**Task to carry out:** Write out the data exactly, keeping every line.

Source data:
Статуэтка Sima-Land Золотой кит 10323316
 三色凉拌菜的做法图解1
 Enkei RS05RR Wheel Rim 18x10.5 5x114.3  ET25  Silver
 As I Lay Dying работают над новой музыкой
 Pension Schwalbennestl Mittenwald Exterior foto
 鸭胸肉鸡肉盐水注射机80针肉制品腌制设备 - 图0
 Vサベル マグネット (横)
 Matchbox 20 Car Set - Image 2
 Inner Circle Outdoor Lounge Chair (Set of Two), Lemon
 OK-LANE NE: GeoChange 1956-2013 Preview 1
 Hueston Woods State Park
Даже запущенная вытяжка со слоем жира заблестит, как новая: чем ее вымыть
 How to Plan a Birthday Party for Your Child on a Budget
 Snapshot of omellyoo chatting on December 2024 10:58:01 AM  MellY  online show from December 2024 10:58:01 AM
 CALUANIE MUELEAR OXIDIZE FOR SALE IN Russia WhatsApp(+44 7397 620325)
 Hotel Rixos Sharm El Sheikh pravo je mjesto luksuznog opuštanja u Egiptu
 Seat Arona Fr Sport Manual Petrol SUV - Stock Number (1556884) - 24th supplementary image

**Answer box:**
Статуэтка Sima-Land Золотой кит 10323316
 三色凉拌菜的做法图解1
 Enkei RS05RR Wheel Rim 18x10.5 5x114.3  ET25  Silver
 As I Lay Dying работают над новой музыкой
 Pension Schwalbennestl Mittenwald Exterior foto
 鸭胸肉鸡肉盐水注射机80针肉制品腌制设备 - 图0
 Vサベル マグネット (横)
 Matchbox 20 Car Set - Image 2
 Inner Circle Outdoor Lounge Chair (Set of Two), Lemon
 OK-LANE NE: GeoChange 1956-2013 Preview 1
 Hueston Woods State Park
Даже запущенная вытяжка со слоем жира заблестит, как новая: чем ее вымыть
 How to Plan a Birthday Party for Your Child on a Budget
 Snapshot of omellyoo chatting on December 2024 10:58:01 AM  MellY  online show from December 2024 10:58:01 AM
 CALUANIE MUELEAR OXIDIZE FOR SALE IN Russia WhatsApp(+44 7397 620325)
 Hotel Rixos Sharm El Sheikh pravo je mjesto luksuznog opuštanja u Egiptu
 Seat Arona Fr Sport Manual Petrol SUV - Stock Number (1556884) - 24th supplementary image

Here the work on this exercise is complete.